Background: Cardiomyopathy (CM) is a devastating disease that affects millions in the USA. Like many autosomal dominant diseases CM has highly variable penetrance and expressivity. One genetic mechanism that could account for this is epistasis, wherein multiple variants in the same or different genes act together to modify phenotypes. Interestingly, epistatic variants need not be pathogenic on their own, but may only act to modify existing pathogenic variants in the genome. A corollary to this is that epistatic variants need not be rare or as deleterious to gene function as pathogenic variants. In the past 5 years there have been numerous, independent reports of digenic inheritance in clinical CM cohorts. There have also been a small handful of reports of epistasis in mouse models of CM. However, there are few, if any, published reports testing clinically identified epistatic inheritance in a model system to establish causality, a critical unmet need. Hypothesis: Multiple pathogenic mutations lead to more severe phenotype in CM and seemingly benign variants cause more severe disease in combination with known pathogenic variants.
Specific Aims :
Aim1 : Identify candidate epistatic interactors for CM.
Aim 2 : Functionally test combinations of known, seemingly benign and pathogenic variants. Study design:
Aim1 : We will use an existing algorithm which prioritizes variants for pathogenicity in CM and modify it to permit discovery of epistatic variants in large publicly available cohorts of CM patients and normal populations. We will also sequence and analyze 40 additional patients with CM followed at Rady Children's Hospital.

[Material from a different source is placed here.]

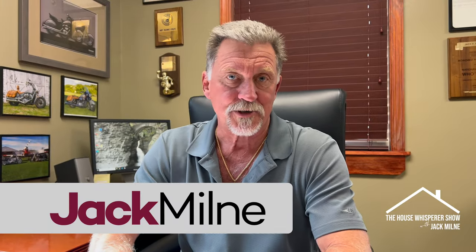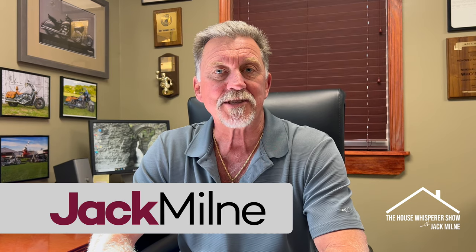Hello, this is Jack Milne with the House Whisperer Show. I did a short a few months ago about air conditioning and why the fan should be on the on position when you're cooling your home. And although we're kind of past summer at this point, I wanted to elaborate and make it clear as to why it's important that you keep your fan switch on.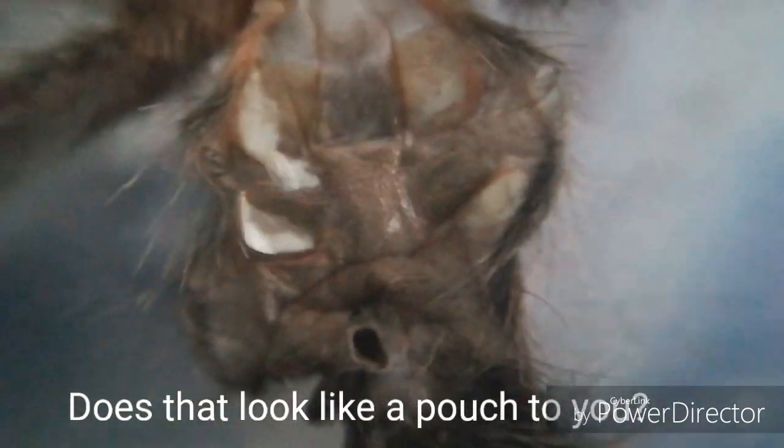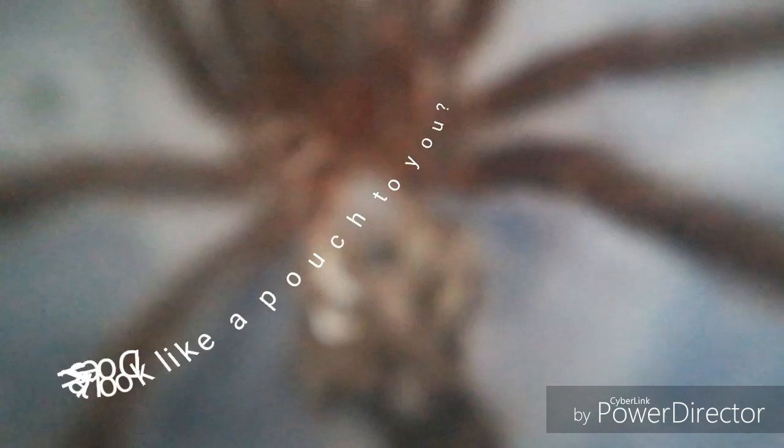Does that look like a pouch to you? Let me just see if I can catch anything on it.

Aim 2 : Combinations of pathogenic mutations in TTN, MYH7, LDB3 and MYBPC3, known CM genes, will be functionally tested in human induced pluripotent stem cell derived cardiomyocytes. Mutation- induced biochemical structural and functional phenotypes will be examined, representing a range of cardiac phenotypes. Likewise, we will test a specific, seemingly benign mutation in MYBPC3 (p.R326Q) ? a variant enriched in an existing CM cohort and correlated with increased clinical severity ? in the genetic background of known pathogenic mutations in LDB3 and MYBPC3. We will also test the 6 best candidates from Aim 1 in pathogenic backgrounds. The best candidates from the in vitro model will be assessed in a mouse model. Assessment will be performed in the basal state and after cardiac stress via ventricular pressure overload. Clinical Significance: Currently, genetic diagnoses of CM often fail to predict severity or incidence of heart failure, significantly increasing likelihood of death in CM patients. This is driven in part by poor understanding of genetic interactions in CM. This work will alter how some uncommon variants are interpreted in a clinical setting, improving ability to predict phenotype. Further, this work will provide critically needed data to help generate computational models to predict polygenic inheritance and build infrastructure to conduct high- throughput assays to test polygenic inheritance in CM.
Over 1/500 people will be subject to cardiomyopathy with 200,000 new diagnoses a year. Many of those afflicted can die suddenly if undiagnosed. Determining how our genes play a role in cardiomyopathy is important to making diagnoses. This work seeks to better understand how multiple genes work together to increase the severity and risk of getting cardiomyopathy which will help medical professionals give better treatments and advice to patients.